Music is my hot PhysX.

Now, NVIDIA claims that the fact GPU solutions are cheaper is going to push better GPUs into more business machines. This will help push the idea that an okay CPU/good GPU machine gives better performance than a good CPU/okay GPU, leading to more machines with better GPUs... and so, making more PCs abstractly available for gaming. Or, at least, raising the bottom level of hardware that you can expect people to have.

In terms of a more general use, transcoding video can take hours. Later in July, all GeForce 8000+ cards will ship with Elemental HD, a program which manages to perform the odious task - in the words of NVIDIA - "in a matter of minutes". The software will also be available for people to download online, probably with a small fee ala Quicksave if they already have a GeForce card.

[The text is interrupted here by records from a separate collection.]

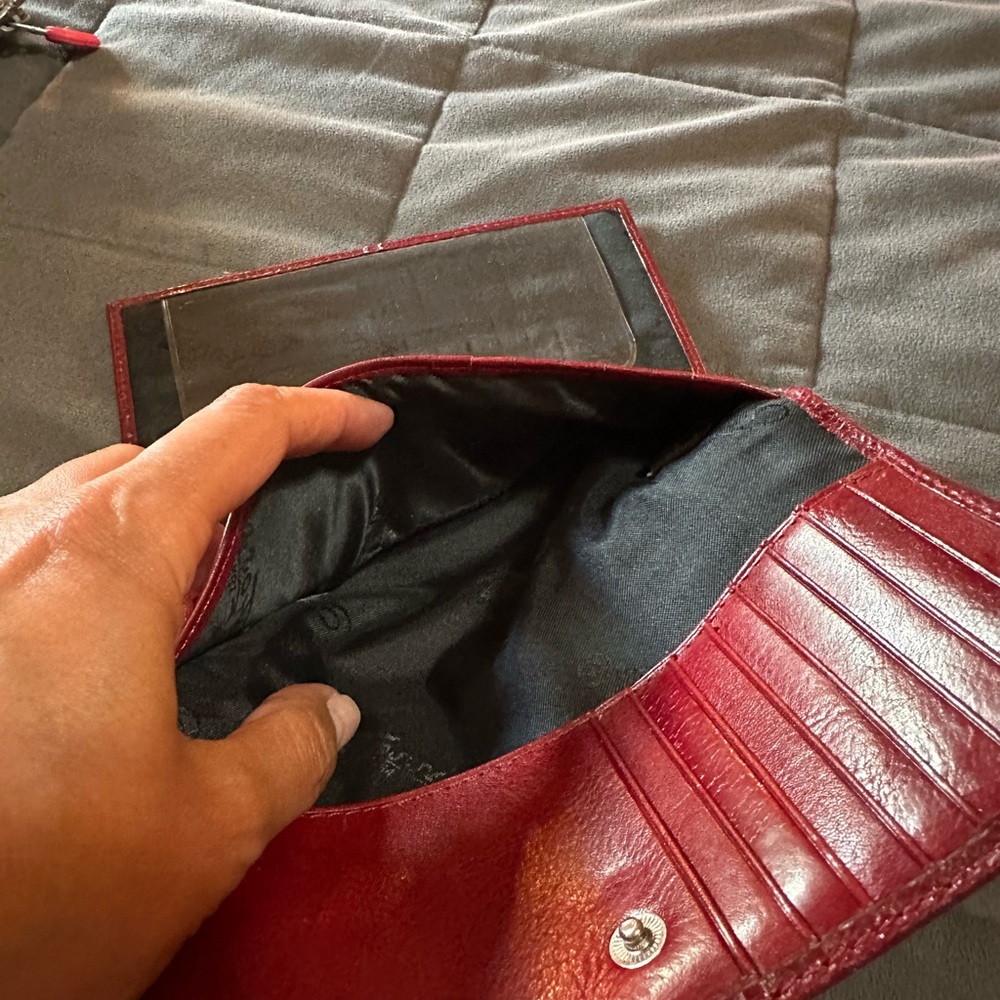 Red Leather FOSSIL Wallet - Picture 8 of 10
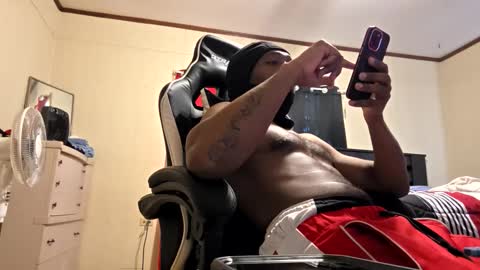 Snapshot of glomightyj chatting on May 2026 06:27:01 PM glomightyj online show from May 2026 06:27:01 PM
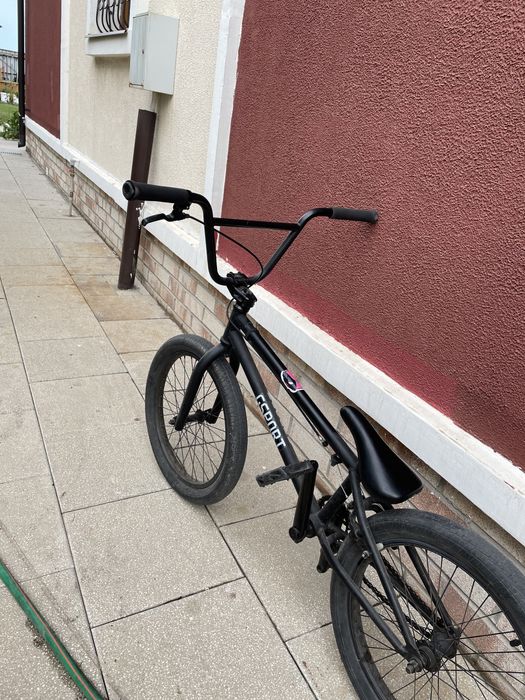 Продам велосипед BMX (для трюков,катания)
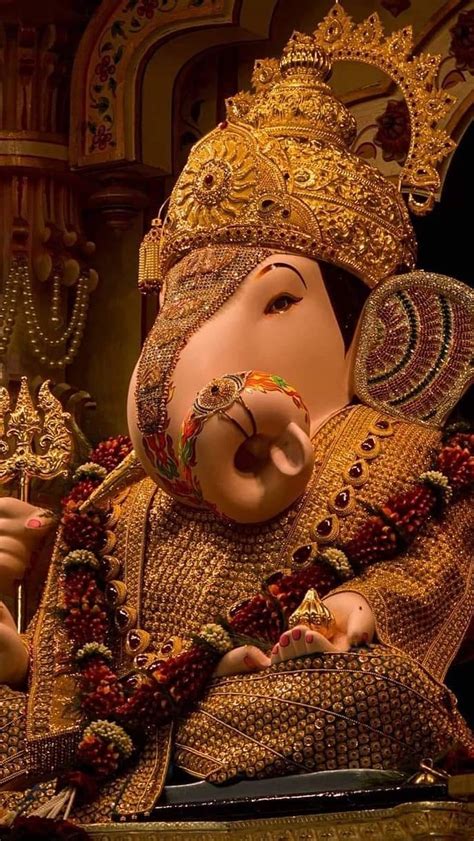 Dagdusheth Ganpati Wallpaper Full Screen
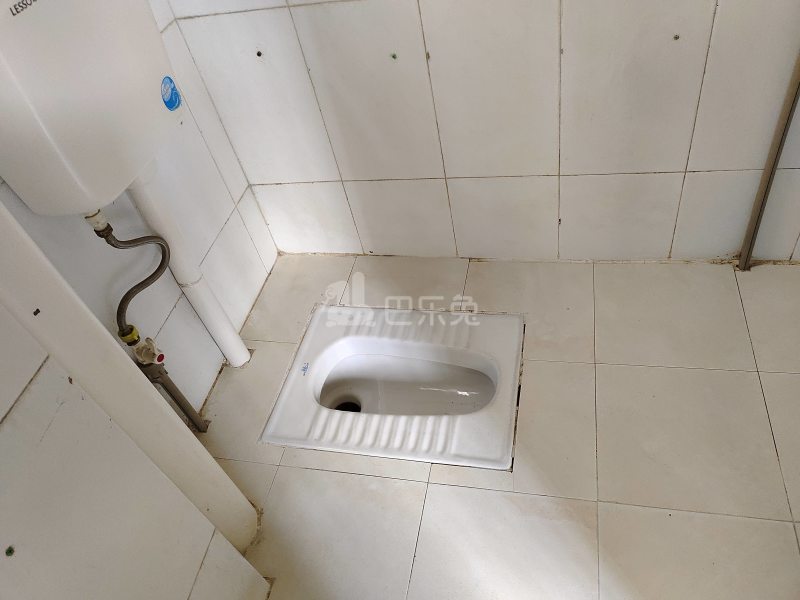 同心公寓（嘉禾望岗塘田街14号）4446951卫生间图4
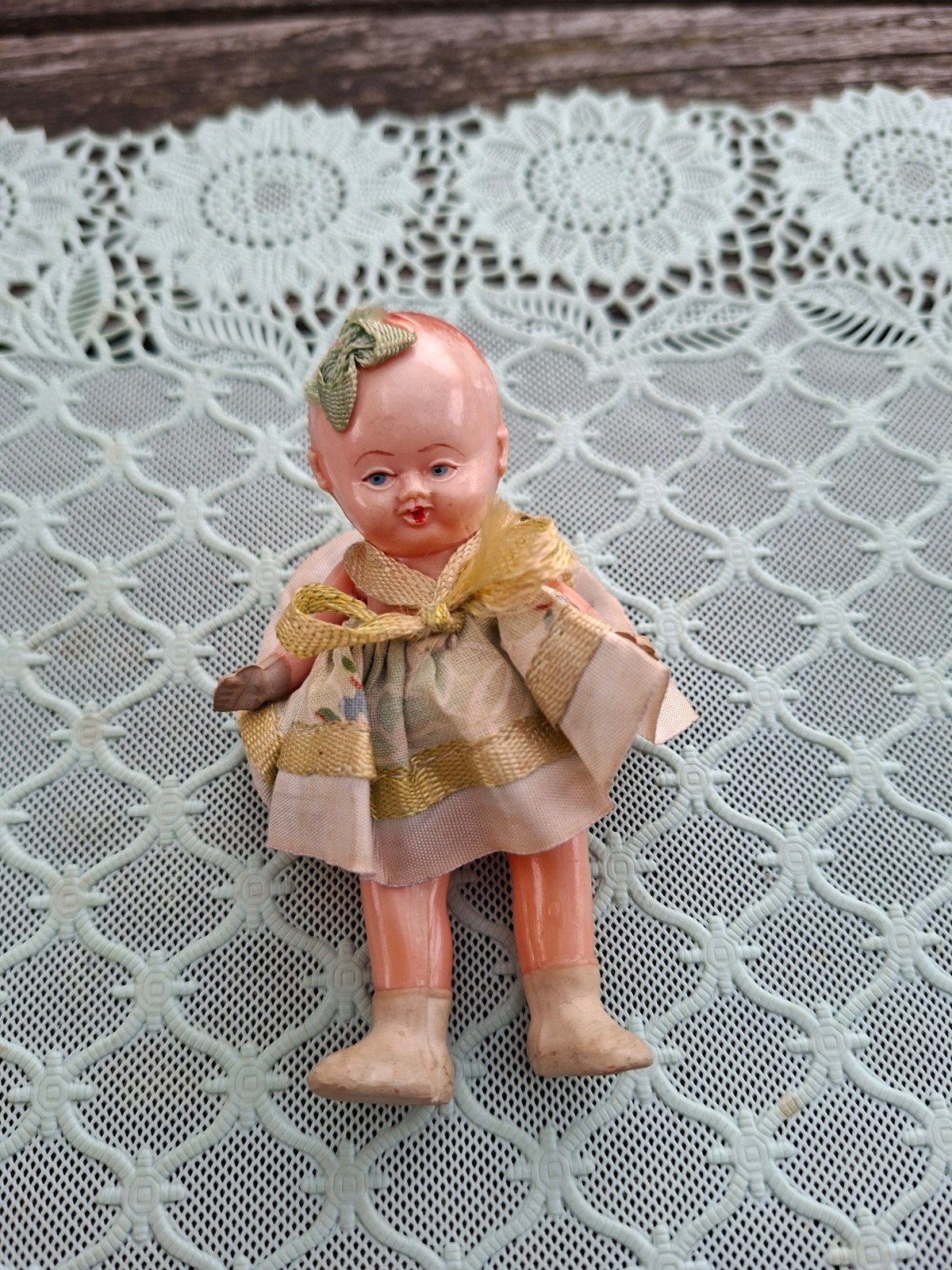 Antiek popje 10cm . 1930, Verzamelen, Ophalen of Verzenden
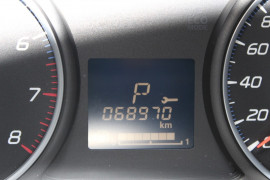 2014 Mitsubishi Outlander ZJ ES Suv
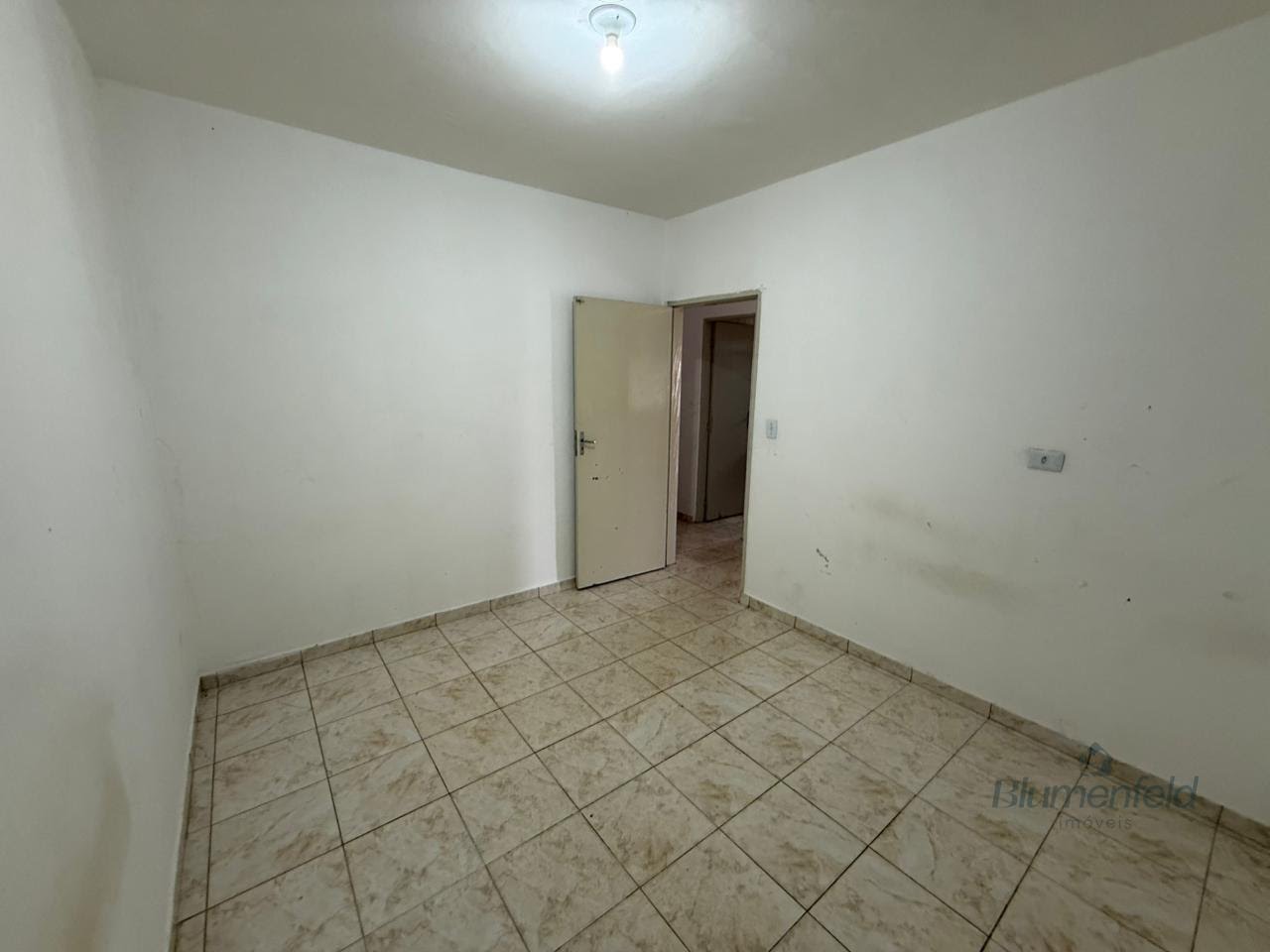 Casa à venda com 2 quartos, 1 banheiro, 3 vagas e 120m² no Jordanópolis, Arujá (SP) — foto 8 de 14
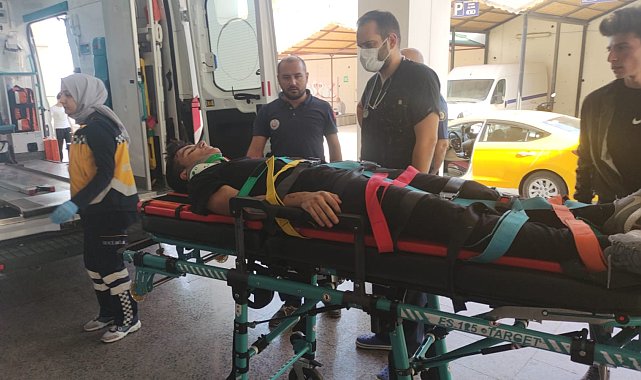 Liseli gençler otomobilin altında kalıp yaralandı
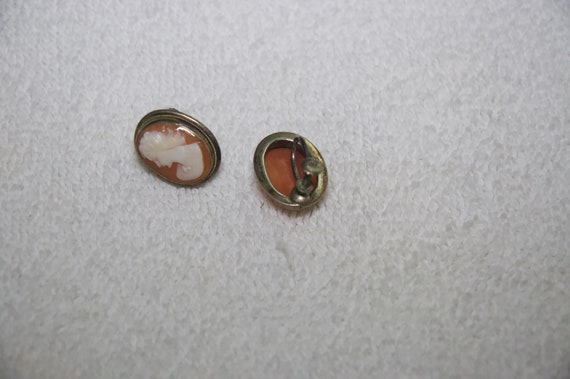 Vintage Cameo Shell Screwback Earrings - image 4
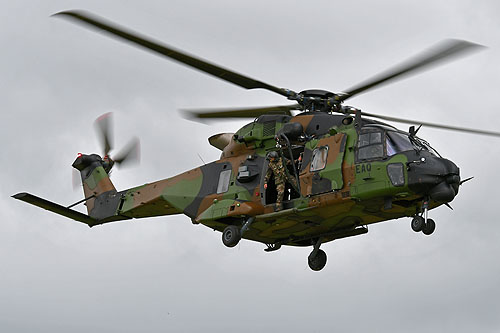 Hélicoptère de transport NH90 TTH Caïman de l'ALAT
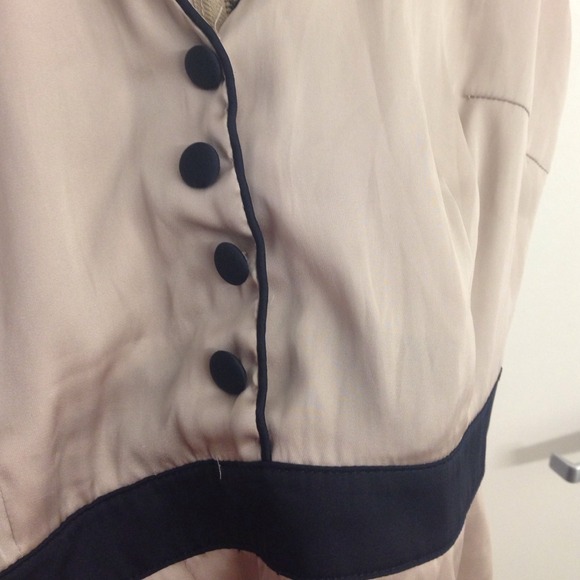 Silk Pendulum top. - Picture 2 of 4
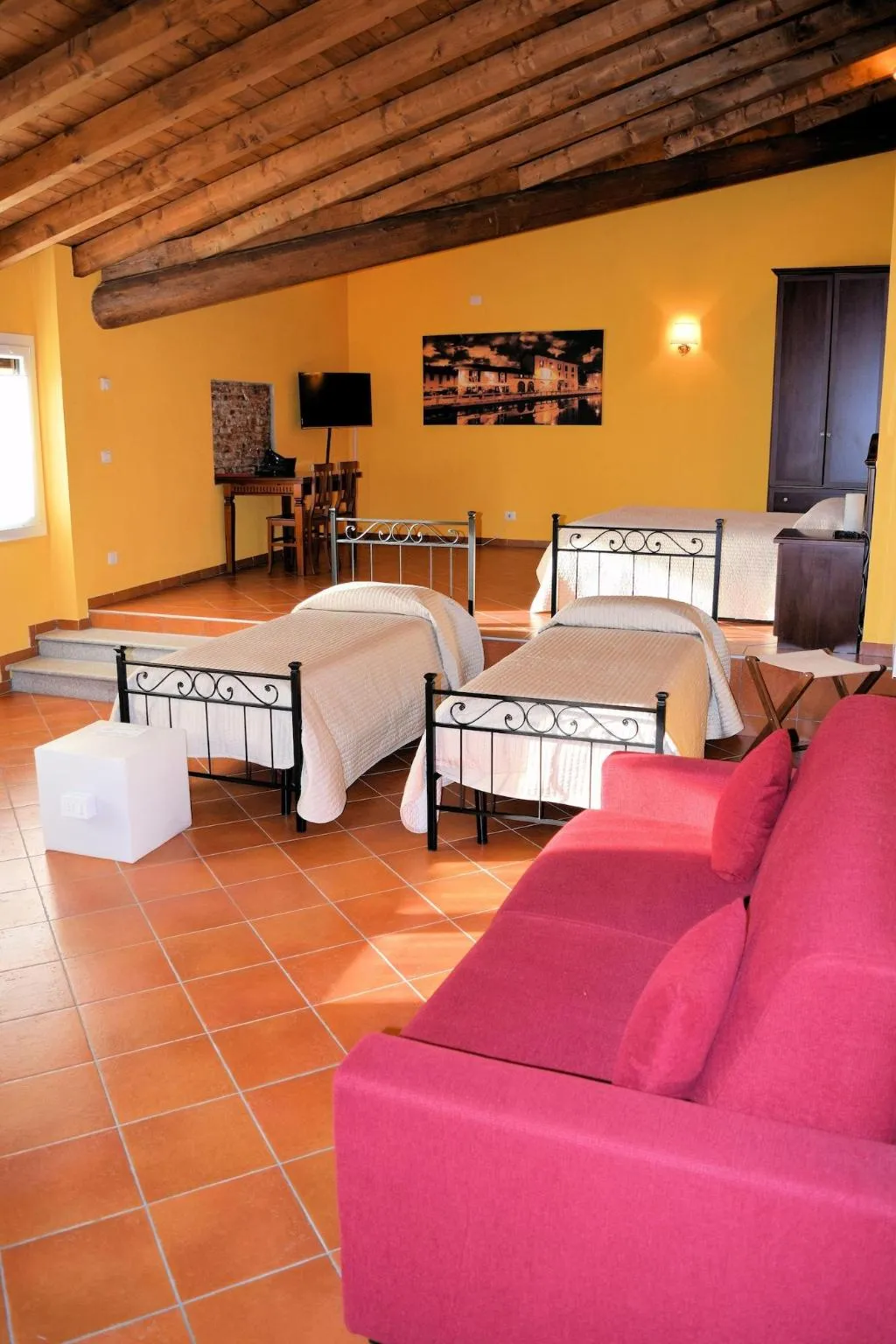 Room, Corte Certosina, Milan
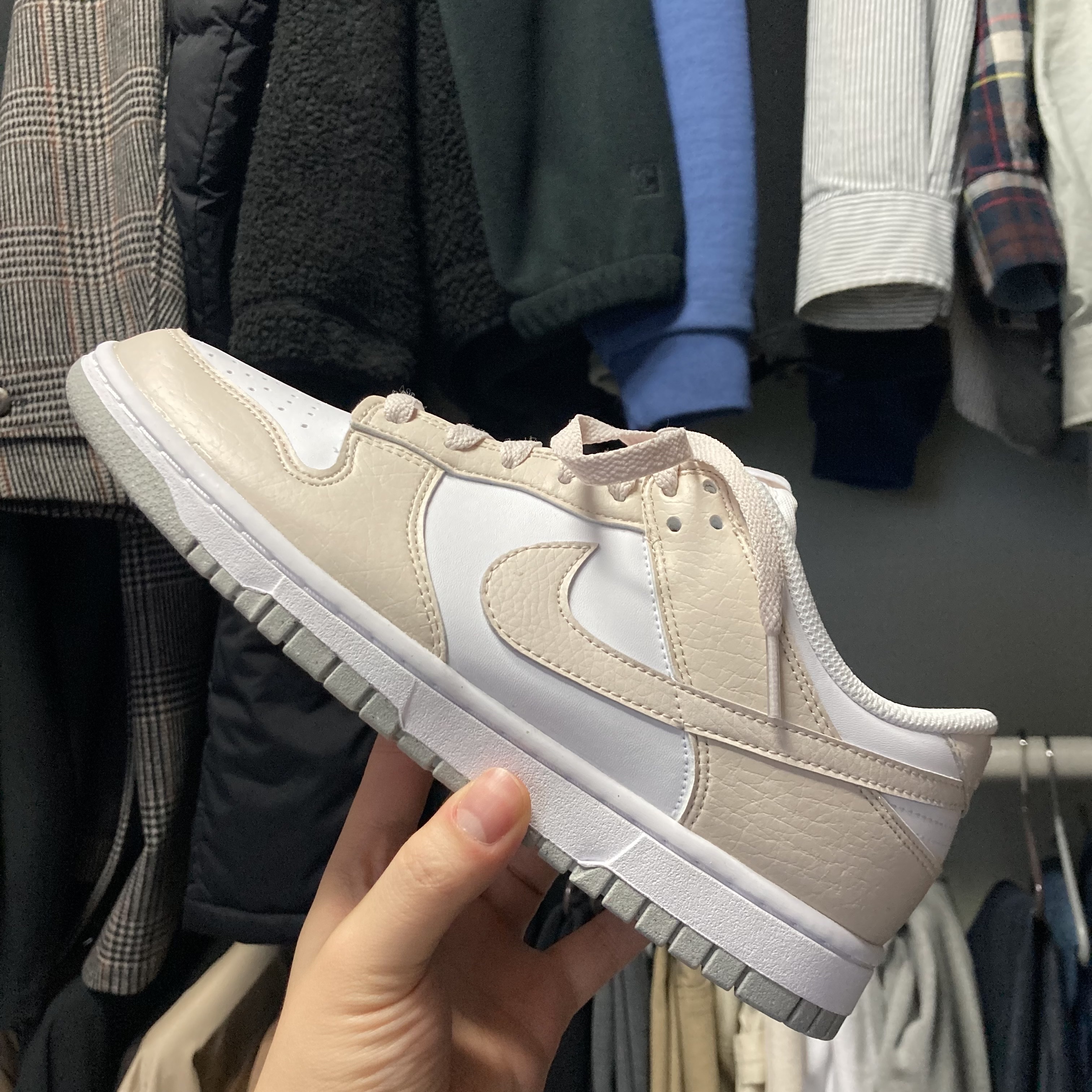 (W) Nike Dunk Low Next Nature Light Orewood Brown 착용 스타일 - 3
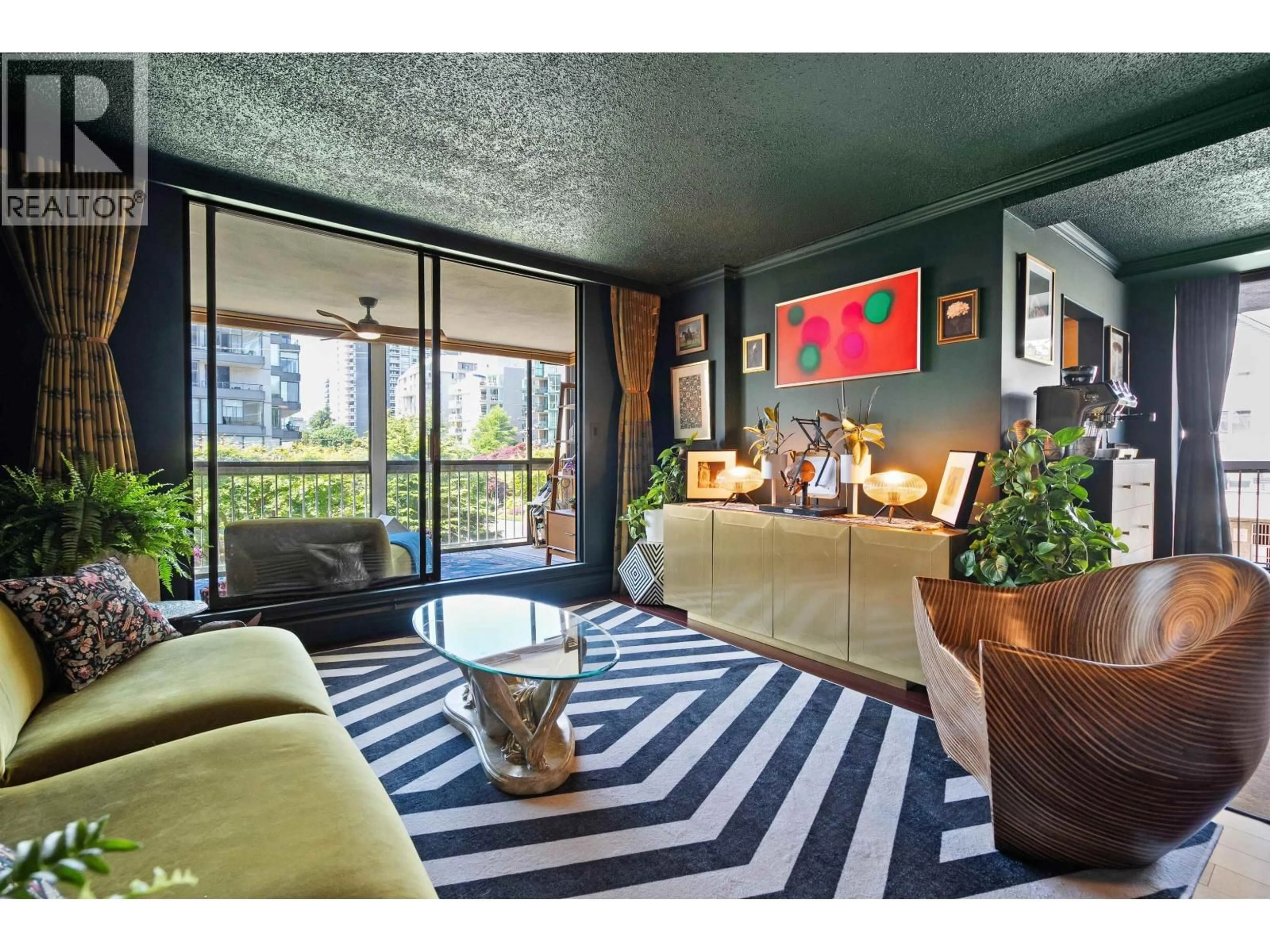 Living room with furniture, unknown for 1390 DUCHESS AVENUE, West Vancouver British Columbia V7T1H6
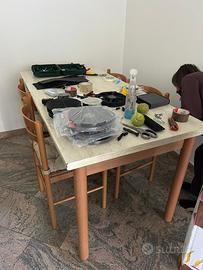 Tavolo da cucina con sedie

Point being: this CUDA malarkey isn't something that's just for future NVIDIA technology. It's something that allows the hardware many PC gamers already have to be repurposed.

For example, PhysX. NVIDIA's Physics 3D Card system was only supported in a minor fashion, as no-one would buy a card just to make explosions fancier, but with CUDA it can run on one of the other GPUs. A proportion of the 3D card's power can be given over to running physics, giving those fancy PhysX-style interactions without actually having a specific card for it. CUDA's porting to PhysX will become available to the public in July, but developers already have the tools.

The Euphoria engine of Natual Motion. It's hard to illustrate this sort of thing.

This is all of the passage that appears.